The move, reported by Bloomberg, is believed to come as the company moves away from the iPhone as its core product and develops its subscription business.
Three separate apps covering music, podcasts, and television will replace iTunes, including the Apple TV+ app which launched earlier this year.
iTunes was released back in 2001 as a media player, library and online store - but its increasing number of features has left users criticising it for bloat in recent years.
Apple is expected to retire the app in a welcome move for strategists at the company who have been pushing forward a new range of media apps on iPhones and iPads.
The subscription-based Apple Music service - similar to Spotify - offers a very different spending and revenue model for the company compared to the buy-and-download model of iTunes.
A whole host of Hollywood A-listers - including Oprah Winfrey, Jennifer Aniston and Steven Spielberg - joined Apple's chief executive Tim Cook to announce a new video streaming service in March.
A credit card called Apple Card was also announced, Apple News + featuring magazines, and a gaming subscription service called Apple Arcade.
The company is moving towards subscription revenues
The move follows Spotify submitting a formal complaint against Apple to the European Commission in March.
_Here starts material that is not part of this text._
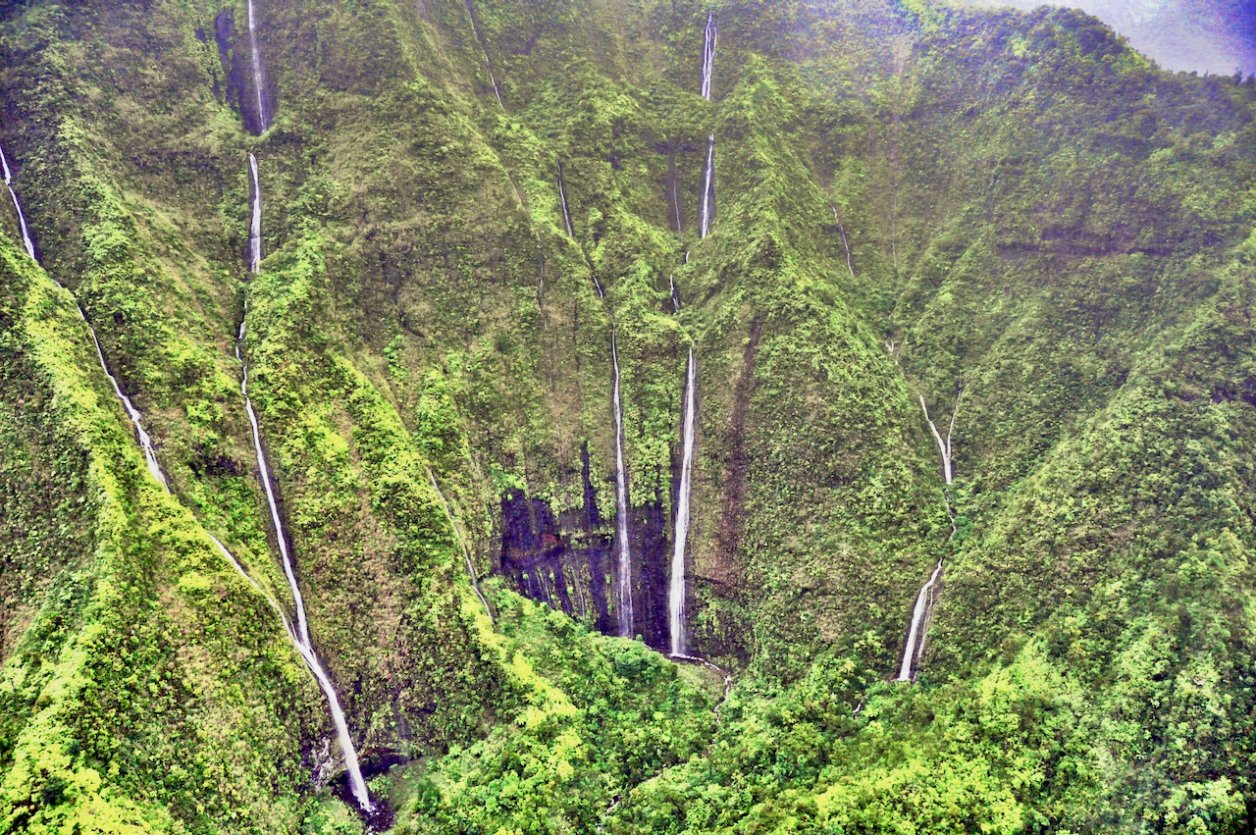 Helicopter Tour - Views of Wai'ale'ale Waterfalls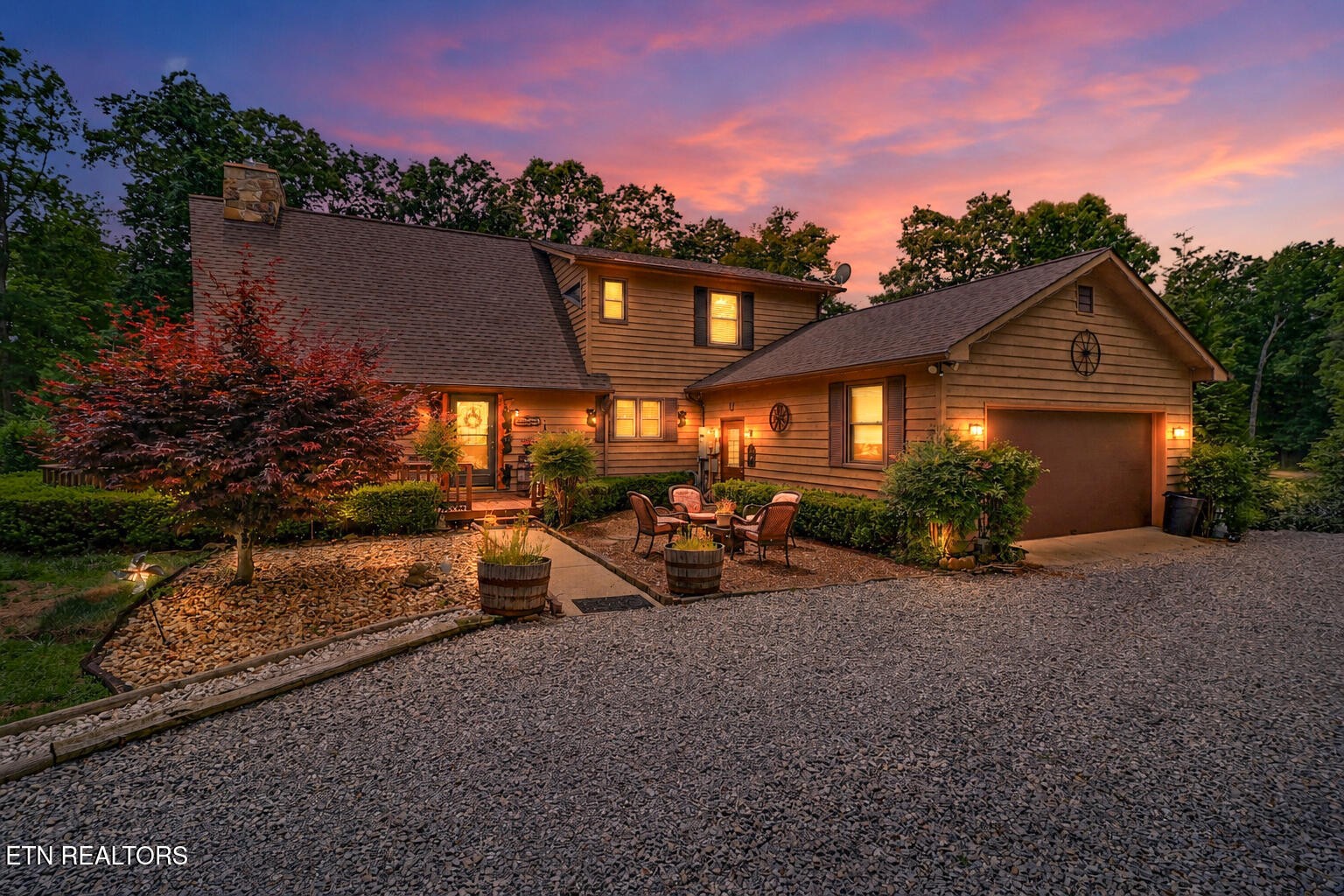 1072 Belmont Drive — photo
Spotify claimed the iPhone maker "deliberately disadvantages" other app developers, and in a blog post its chief executive said Apple has introduced rules which "purposely limit choice and stifle innovation at the expense of the user experience".
Apple, which has its own rival streaming service, takes a 30% cut of purchases on its app store - including upgrades from Spotify's free to premium service.
The European Commission is reportedly preparing to launch a formal investigation following the complaint.